Friday, February 10, 2023

"The secret to a happy life -- lessons from 8 decades 

of research

Well, one of the best theories, for which there's now some pretty good evidence, is based on the idea of stress. That, as we know, stress is an inevitable part of all of our lives. Stress happens to us every day. And what we find is that good relationships turn out to be stress regulators. So let me give you an example. Let's say that I have something upsetting happen to me during the day,and I find myself, like, ruminating about it and really thinking about it and unhappy. I can feel my body go into what we call fight or flight response where literally my heart rate goes up and I might start sweating a little bit and I'm just not feeling as well.

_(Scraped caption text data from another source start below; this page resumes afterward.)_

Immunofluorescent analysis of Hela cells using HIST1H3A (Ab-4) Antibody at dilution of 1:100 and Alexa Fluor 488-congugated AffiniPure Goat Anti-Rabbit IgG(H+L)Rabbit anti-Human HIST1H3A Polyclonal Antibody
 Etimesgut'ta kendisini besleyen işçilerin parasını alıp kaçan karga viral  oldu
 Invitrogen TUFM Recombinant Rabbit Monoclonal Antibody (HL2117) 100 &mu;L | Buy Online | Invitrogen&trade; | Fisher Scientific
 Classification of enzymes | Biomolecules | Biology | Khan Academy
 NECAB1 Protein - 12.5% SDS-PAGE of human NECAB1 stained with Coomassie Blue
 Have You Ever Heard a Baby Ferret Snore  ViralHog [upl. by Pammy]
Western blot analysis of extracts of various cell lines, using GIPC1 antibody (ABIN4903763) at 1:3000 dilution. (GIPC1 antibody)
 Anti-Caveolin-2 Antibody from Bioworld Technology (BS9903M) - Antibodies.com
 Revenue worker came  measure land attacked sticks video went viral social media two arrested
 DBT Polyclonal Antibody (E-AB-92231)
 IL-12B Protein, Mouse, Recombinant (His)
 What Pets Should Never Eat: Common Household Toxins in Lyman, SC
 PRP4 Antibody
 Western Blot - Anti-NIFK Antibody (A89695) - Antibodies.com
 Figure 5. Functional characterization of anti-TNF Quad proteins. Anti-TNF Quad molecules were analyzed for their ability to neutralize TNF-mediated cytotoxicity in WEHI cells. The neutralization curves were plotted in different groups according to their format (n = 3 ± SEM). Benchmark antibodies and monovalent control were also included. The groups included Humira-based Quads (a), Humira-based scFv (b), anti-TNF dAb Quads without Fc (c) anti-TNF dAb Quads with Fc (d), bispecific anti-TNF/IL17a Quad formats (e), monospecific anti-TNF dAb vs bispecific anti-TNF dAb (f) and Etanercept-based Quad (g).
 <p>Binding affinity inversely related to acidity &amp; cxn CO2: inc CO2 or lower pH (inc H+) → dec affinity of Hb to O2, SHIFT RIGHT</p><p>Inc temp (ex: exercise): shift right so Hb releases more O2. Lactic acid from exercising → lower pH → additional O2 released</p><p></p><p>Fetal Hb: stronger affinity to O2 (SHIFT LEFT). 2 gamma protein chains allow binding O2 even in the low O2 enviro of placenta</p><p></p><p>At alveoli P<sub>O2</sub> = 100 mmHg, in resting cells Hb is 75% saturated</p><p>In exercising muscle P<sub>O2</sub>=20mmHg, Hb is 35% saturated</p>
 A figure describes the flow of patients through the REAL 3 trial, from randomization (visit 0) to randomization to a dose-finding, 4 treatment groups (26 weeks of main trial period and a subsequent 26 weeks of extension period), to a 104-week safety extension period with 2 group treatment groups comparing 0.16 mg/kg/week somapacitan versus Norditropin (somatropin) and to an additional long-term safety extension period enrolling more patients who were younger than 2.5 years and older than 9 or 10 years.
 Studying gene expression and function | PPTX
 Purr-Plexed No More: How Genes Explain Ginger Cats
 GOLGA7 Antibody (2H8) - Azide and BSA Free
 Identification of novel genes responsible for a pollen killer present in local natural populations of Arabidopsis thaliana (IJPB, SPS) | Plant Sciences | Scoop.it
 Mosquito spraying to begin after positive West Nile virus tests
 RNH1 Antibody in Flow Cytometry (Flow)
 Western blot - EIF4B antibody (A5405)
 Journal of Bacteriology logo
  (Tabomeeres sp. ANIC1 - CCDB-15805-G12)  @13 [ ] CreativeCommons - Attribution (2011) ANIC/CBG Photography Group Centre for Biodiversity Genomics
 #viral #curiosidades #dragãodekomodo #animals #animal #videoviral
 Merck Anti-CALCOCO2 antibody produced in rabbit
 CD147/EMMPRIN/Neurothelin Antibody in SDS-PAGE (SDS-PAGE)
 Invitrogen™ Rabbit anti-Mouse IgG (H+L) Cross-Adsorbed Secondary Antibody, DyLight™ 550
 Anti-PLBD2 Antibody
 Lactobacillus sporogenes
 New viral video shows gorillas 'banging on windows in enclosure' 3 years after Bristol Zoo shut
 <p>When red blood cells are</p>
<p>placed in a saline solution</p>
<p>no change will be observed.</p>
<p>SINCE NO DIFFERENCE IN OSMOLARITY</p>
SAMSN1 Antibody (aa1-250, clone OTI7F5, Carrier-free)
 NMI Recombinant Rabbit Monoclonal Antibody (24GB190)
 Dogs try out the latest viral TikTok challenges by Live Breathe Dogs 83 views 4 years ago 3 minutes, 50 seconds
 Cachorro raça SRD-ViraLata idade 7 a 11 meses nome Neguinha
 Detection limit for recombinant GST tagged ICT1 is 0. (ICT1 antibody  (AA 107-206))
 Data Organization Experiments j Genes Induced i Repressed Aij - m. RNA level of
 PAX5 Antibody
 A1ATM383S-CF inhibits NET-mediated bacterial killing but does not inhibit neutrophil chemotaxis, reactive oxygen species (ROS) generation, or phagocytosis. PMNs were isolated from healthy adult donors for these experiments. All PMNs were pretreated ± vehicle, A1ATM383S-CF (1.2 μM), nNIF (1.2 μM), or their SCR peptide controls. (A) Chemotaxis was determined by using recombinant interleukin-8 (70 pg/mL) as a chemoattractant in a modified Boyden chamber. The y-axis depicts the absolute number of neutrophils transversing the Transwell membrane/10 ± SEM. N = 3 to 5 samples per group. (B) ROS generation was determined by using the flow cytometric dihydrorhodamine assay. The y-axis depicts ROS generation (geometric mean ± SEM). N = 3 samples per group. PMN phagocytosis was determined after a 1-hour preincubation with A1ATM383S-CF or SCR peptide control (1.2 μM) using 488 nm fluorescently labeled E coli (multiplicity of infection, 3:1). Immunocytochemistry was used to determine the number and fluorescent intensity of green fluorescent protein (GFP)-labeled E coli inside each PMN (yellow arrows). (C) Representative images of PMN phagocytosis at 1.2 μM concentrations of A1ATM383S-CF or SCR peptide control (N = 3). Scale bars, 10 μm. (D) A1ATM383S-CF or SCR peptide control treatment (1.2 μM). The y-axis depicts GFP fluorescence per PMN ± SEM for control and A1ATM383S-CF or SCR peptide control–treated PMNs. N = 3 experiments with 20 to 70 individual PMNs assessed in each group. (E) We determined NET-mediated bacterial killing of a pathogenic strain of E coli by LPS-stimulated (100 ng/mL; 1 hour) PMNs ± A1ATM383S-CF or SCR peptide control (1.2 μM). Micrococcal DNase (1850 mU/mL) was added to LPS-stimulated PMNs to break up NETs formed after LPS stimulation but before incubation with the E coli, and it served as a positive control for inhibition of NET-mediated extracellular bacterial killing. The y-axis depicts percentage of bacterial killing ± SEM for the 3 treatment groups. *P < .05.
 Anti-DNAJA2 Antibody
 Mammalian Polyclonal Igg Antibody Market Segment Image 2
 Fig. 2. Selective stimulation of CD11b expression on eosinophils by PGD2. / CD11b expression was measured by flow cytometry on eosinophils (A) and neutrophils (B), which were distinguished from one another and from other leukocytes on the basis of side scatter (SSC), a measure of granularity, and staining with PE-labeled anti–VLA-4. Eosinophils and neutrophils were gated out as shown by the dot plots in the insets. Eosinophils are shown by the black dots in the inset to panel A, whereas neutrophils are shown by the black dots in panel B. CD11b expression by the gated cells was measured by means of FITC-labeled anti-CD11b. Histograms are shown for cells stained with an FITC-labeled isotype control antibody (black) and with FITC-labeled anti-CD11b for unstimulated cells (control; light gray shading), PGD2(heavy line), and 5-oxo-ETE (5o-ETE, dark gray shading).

Now, what we're meant to do is to come back to equilibriumwhen a stressor goes away. That's the way the body is supposed to work. But what happens if I go home at the end of my upsetting day and I have somebody to talk to? Either I can call someone on the phone or it's somebody I live with. I can literally feel my body calm down. I can feel that fight or flight response subside.
But what if I don't have anybody to go home to? What if there's nobody I can call? What we find is that people who are isolated, are lonely, don't have those stress regulators that we get from good relationships and that we stay in chronic fight or flight mode, that our bodies have this chronic stress, chronic levels of inflammation and circulating stress hormones that wear away our happiness and break down different body systems.
Well, what kinds of relationships seem essential to well-being?And this is interesting. We asked people who were our original participants in our study. We asked them, Who could you call in the middle of the night if you were sick or scared? And many of our people could list several other people they could call if they were in trouble. Some people couldn't list anyone. There wasn't a person on the planet who they could turn to if they were sick or scared. And what we find is that having at least one person in your life who you feel really has your back, who you could go to if you were in trouble, that's essential for maintaining our happiness and our health. When we asked these same people, when they got to be in their 80s, to look back on their lives and to tell us what they were proudest of, almost everybody said something about their relationships. They didn't say, "I made a lot of money"or "I won some big awards." They said, "I was a good mentor," "I was a good friend," "I raised healthy kids," "I was a good partner."And so what we find is that what seems to mean the most to people when they get to the end of their lives is the strength and the warmth of their connections to others."